Key to enabling this translation are the activities of The Yield Lab (recently named in the AgFunder Agri-Food Tech Investing Report 2019) report as the fifth most active accelerator fund globally) and the BioSTL BioGenerator.

The latter has invested $26 million in 83 high growth ventures, which have leveraged around $1 billion from other global investors. Collectively seven of the top companies in the portfolio have a combined market cap of over $1 billion and have leveraged over $55 million in federal commercialisation grants.

Worthy of note is the tight collaboration between the city, state, USDA and economic development organisations. A strategic, concerted 20 year effort to develop a position in agri-tech has resulted in the development of focussed centres across St Louis – most significantly being Creve Coeur, historically a farming community and now home to Bayer’s global R&D HQ with nearly a hectare of glasshouse space, making it the largest research glasshouse in North America. This area is poised for growth to rival the 39 North cluster of life science companies.

St Louis is a great example of a plan coming good around realising the value and potential of crop and plant sciences. It has had its visionaries – notably Donald Danforth (after whom the Danforth Centre for Plant Science is named) and Henry Shaw, entrepreneur and botanist who founded the Missouri Botanical Garden, which is home to one of the world’s leading herbarium collections. Fast forward to today, which sees possibly the world’s largest concentration of plant science PhDs with an eye for collaboration and the will to harness technology to improve agriculture and benefit farmers.

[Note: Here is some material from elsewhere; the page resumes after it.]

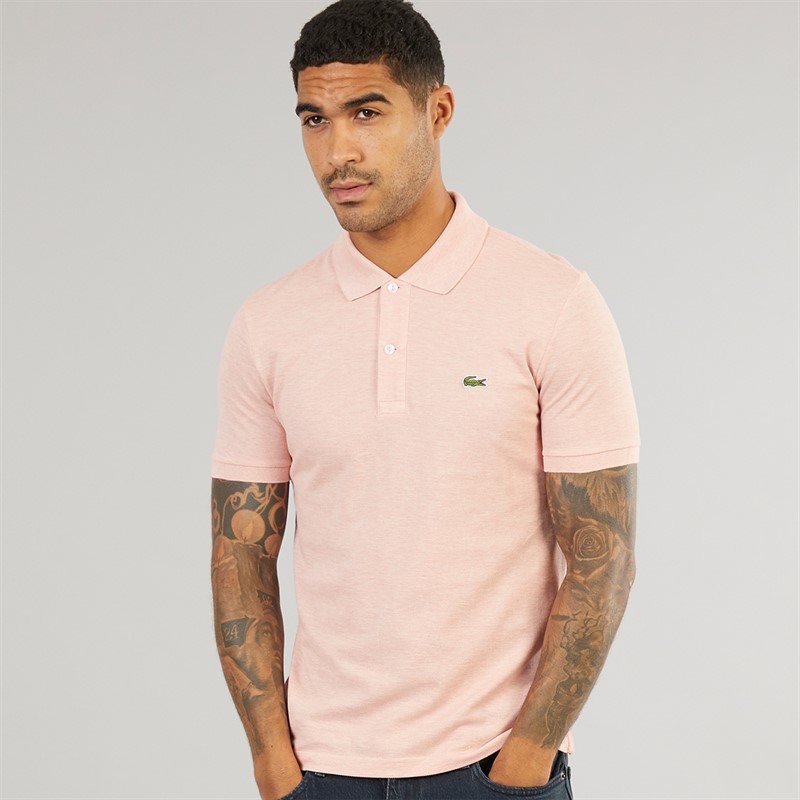 Lacoste Mens Polo Shirt Strawberry Chine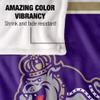 James Madison University Dukes Blanket, 36"x58" Primary Logo, Silky Touch Super Soft Throw view 4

Critical to this success has been the partnership between public and private sectors and a strategy to support the growing agri-tech cluster. Rarely is such close-knit collaboration seen – despite widespread appetites to build successful clusters. This is key to the success of the greater St Louis ecosystem.

The UK delegation were looking for partnerships, collaborators, clients and customers, using the St St Louis region as a launch pad to the wider US market. But it was hard not to draw comparisons between the UK’s agri-tech innovation ecosystem and that of St Louis and the wider Missouri state.

Let’s look at the key elements:

  • World-leading research? Check.
  • Enabling environment for businesses to start and thrive? Check.
  • An agricultural industry looking for new technology solutions? Check.
  • Mix of large and small agri-tech businesses allowing open innovation and collaboration? Check.

But part of the aim of the mission was to learn lessons, and learn we did. The importance of enabling fiscal environments, the importance of accelerators, and close links with policymakers in the USDA were all very evident. One lunch meeting consisted of the Missouri Dept of Agriculture, the University Vice-Chancellor, senior academics, and businesses, including farmers. It was clear all knew each other, trusted each other, and worked together.

As Missouri’s famous son, Mark Twain once said, “There are two types of people, those who accomplish things, and those who claim to have accomplished things. The first group is less crowded.”

It was a pleasure to spend the week with people in the first group.